Two artists who use architecture as their inspiration show their work together for the first time at the Ashmolean Museum in the city of dreaming spires. One creates perfection; the other depicts the chaos of life.
Growing up in Oxford and now living in London, silversmith Vicki Ambery-Smith uses the sculptural forms of architecture and engineering in her beautiful silver and gold jewellery and tableware designs inspired by buildings from all around the world from Rome to Sydney to London and by buildings of all ages from the Pantheon in Rome to the Shard in London and, looking to the future, even the Garden Bridge which is still to be built across the River Thames in London.

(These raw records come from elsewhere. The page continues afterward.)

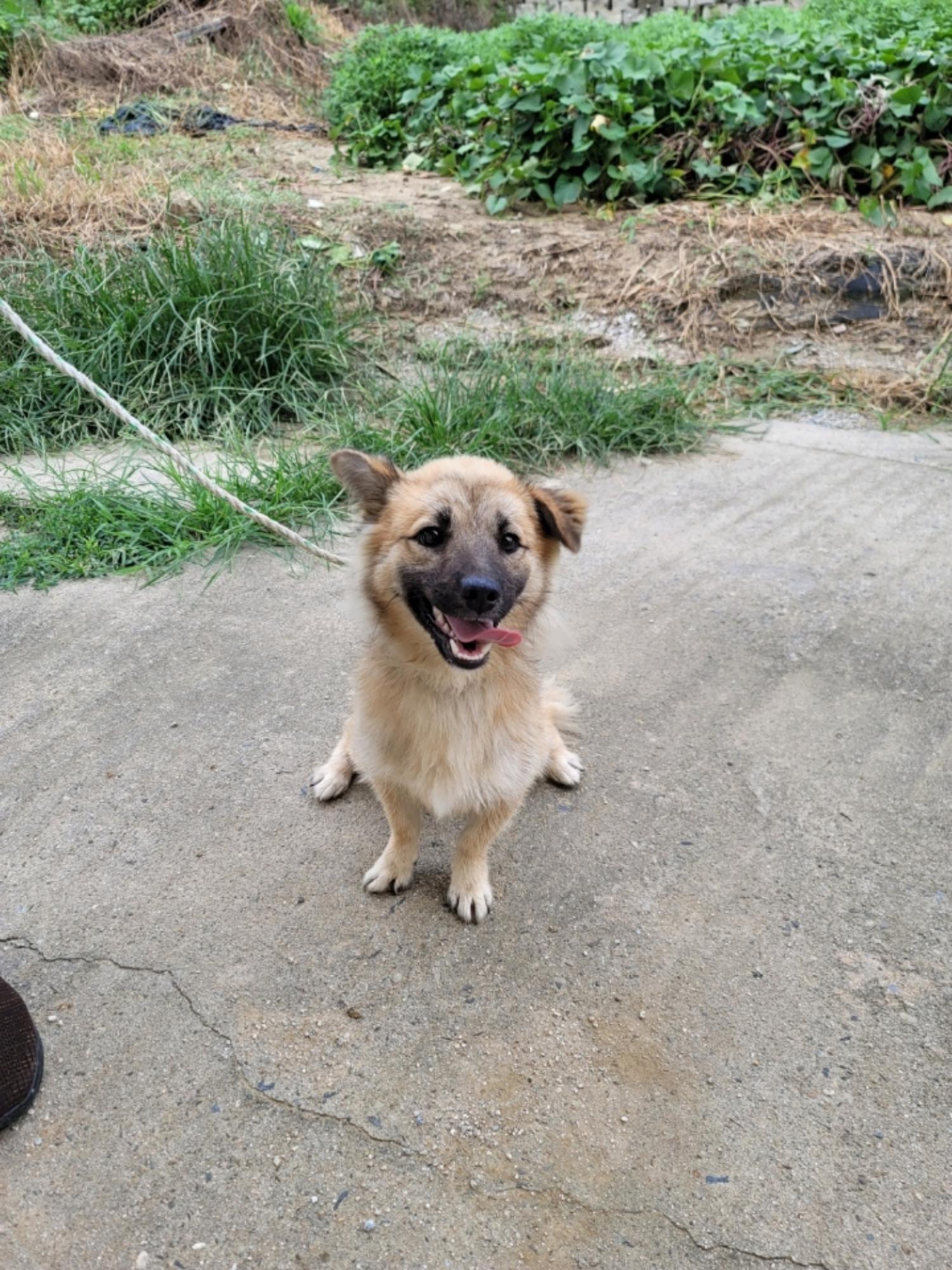 괴산증평동물보호센터_443446202300303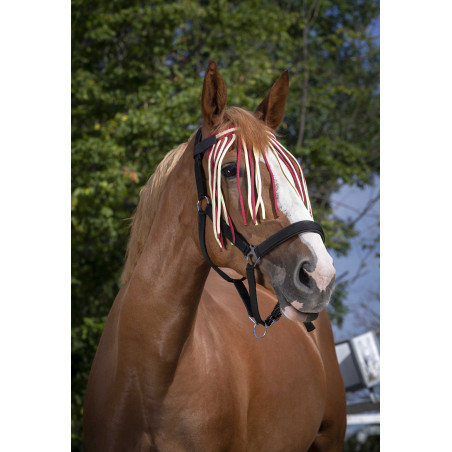 Frontalera mosquero Norton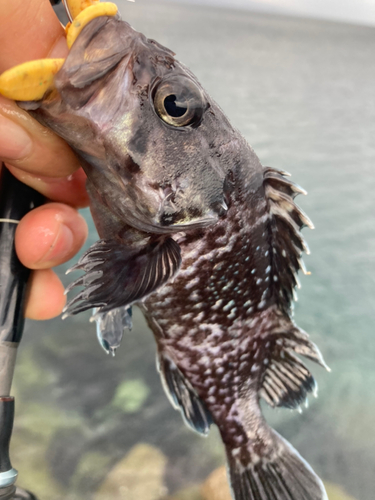 マゾイの釣果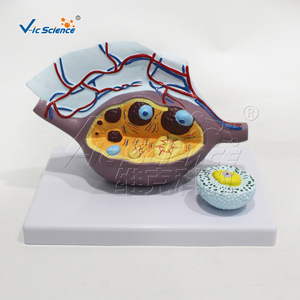 Modèle anatomique magnifié de l'ovaire ; outil pédagogique pour l'enseignement de la structure du système reproducteur féminin ; modèle pédagogique d'organe humain. - Product Image 3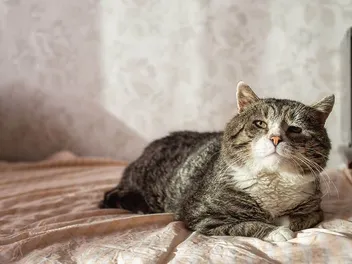 At What Age Do Cats Start Getting Arthritis? Vet Reviewed Early Signs & Recommendations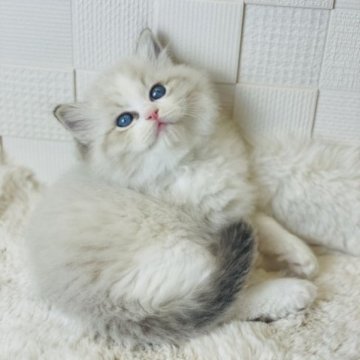ラグドール【千葉県・男の子・2023年10月14日・シールリンクスポイントバイカラー】の写真「超人懐こく甘えん坊❣️遊びが大好き 遺伝子検クリア」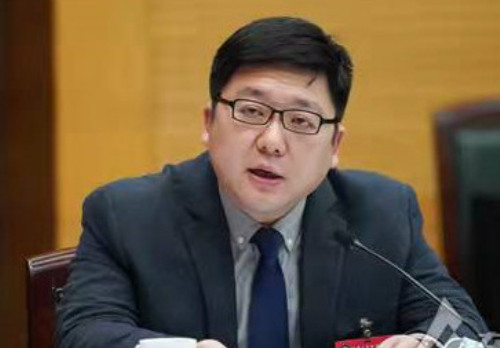 王淳委员在专题会上发言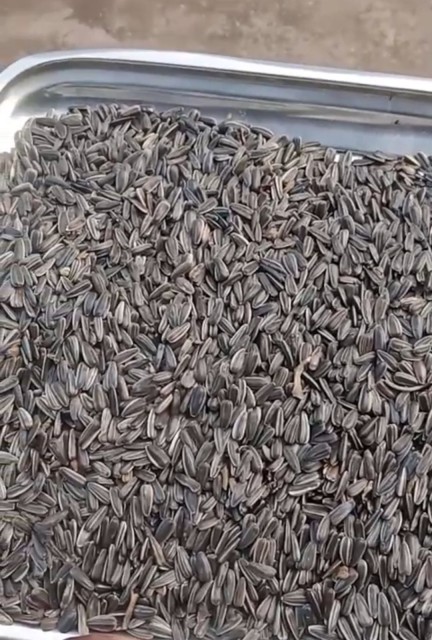 Wholesome Striped Sunflower Seeds from India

Ceramist Hugh Colvin, the son of the Oxford architectural historian Howard Colvin, makes architectural models, several of which are in the Carnegie Museum in Pittsburgh, USA, often focussing on the imaginary and the unbuilt and on the chaotic mess that results from human habitation and uncontrolled events such as earthquakes.
This small exhibition shows the contrast of their approach linked to the materials they use. Vicki Ambery-Smith takes precious metals to celebrate many of Oxford’s unique buildings including the Radcliffe Camera, the Divinity School at the Bodlian Library, Keble College, St John’s College and Magdalen College Tower and a piece celebrating the 350th anniversary of the construction of the Sheldonian Theatre with a roof that can be lifted off to reveal the seating plan etched into the base, while Hugh Colvin’s ceramics include the Boycott Pavilion in Stowe designed by James Gibbs around 1728 and a obelisk designed by Nicholas Hawksmoor, but never executed, while his larger pieces are more down to earth, showing the aftermath of an earthquake and the reality of people living in buildings with their washing hanging across the facades and bins overflowing with rubbish, for which clay is an excellent base.
Particularly imaginative is the Radcliffe Camera where Vicki models both the outside architecture and the interior structure with a cut-away section.